### Data excerpts

# # # #

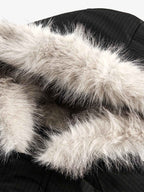 Retro Fur Hooded Fleece Bomber Jacket - 2478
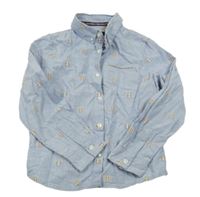 Světlemodrá vzorovaná košile 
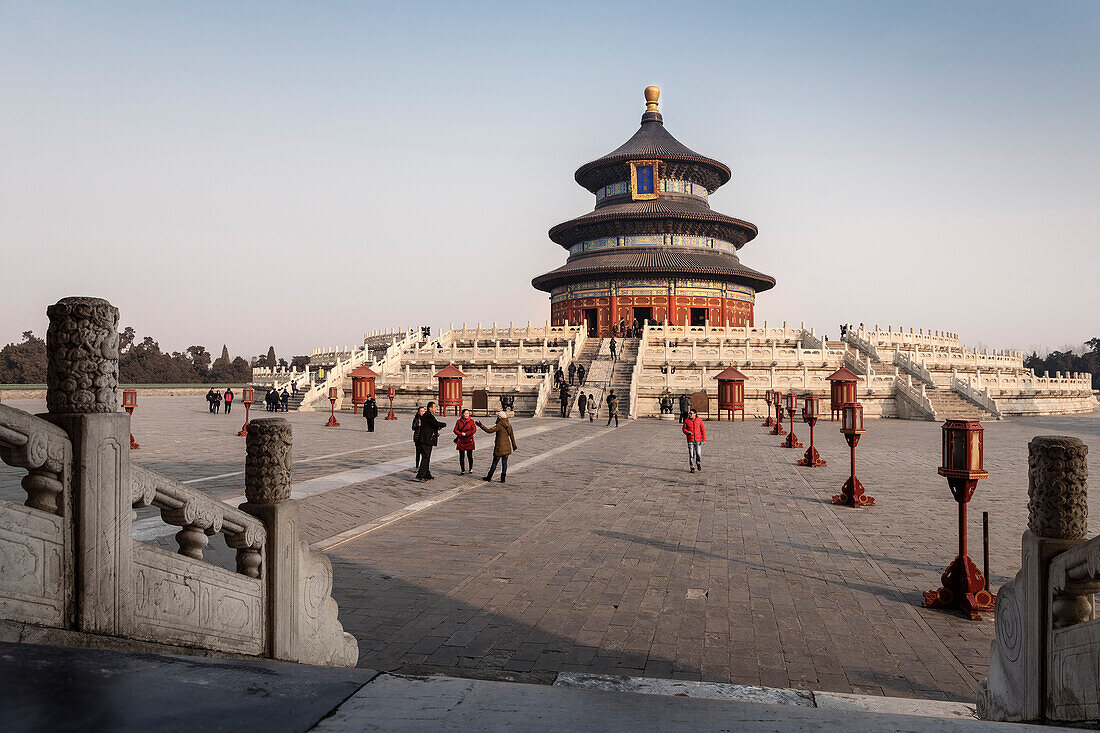 Blick zur Halle der Ernteopfer, Himmelstempel, Himmelsaltar, Bezirk Chongwen, Peking, China, Asien, UNESCO Welterbe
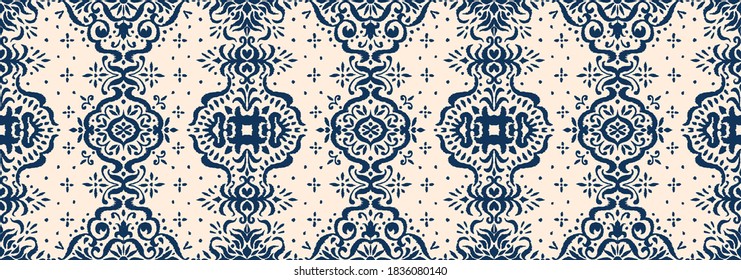 Ikat seamless pattern. Border with snowflakes. Openwork lace. New year Christmas background. Vector tie dye shibori print with stripes and chevron. Ink textured japanese background. Bohemian fashion. 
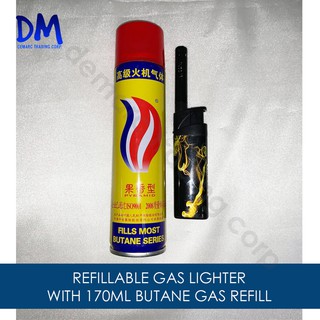 Kitchen Outdoor Personal Cigarettee Refillable Butane Gas Lighter with 170ML Refill Butane Gas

# # # #

### Task requirements
Render the data above verbatim and without pictures.

### Result
 Retro Fur Hooded Fleece Bomber Jacket - 2478
 Světlemodrá vzorovaná košile 
 Blick zur Halle der Ernteopfer, Himmelstempel, Himmelsaltar, Bezirk Chongwen, Peking, China, Asien, UNESCO Welterbe
 Ikat seamless pattern. Border with snowflakes. Openwork lace. New year Christmas background. Vector tie dye shibori print with stripes and chevron. Ink textured japanese background. Bohemian fashion. 
 Kitchen Outdoor Personal Cigarettee Refillable Butane Gas Lighter with 170ML Refill Butane Gas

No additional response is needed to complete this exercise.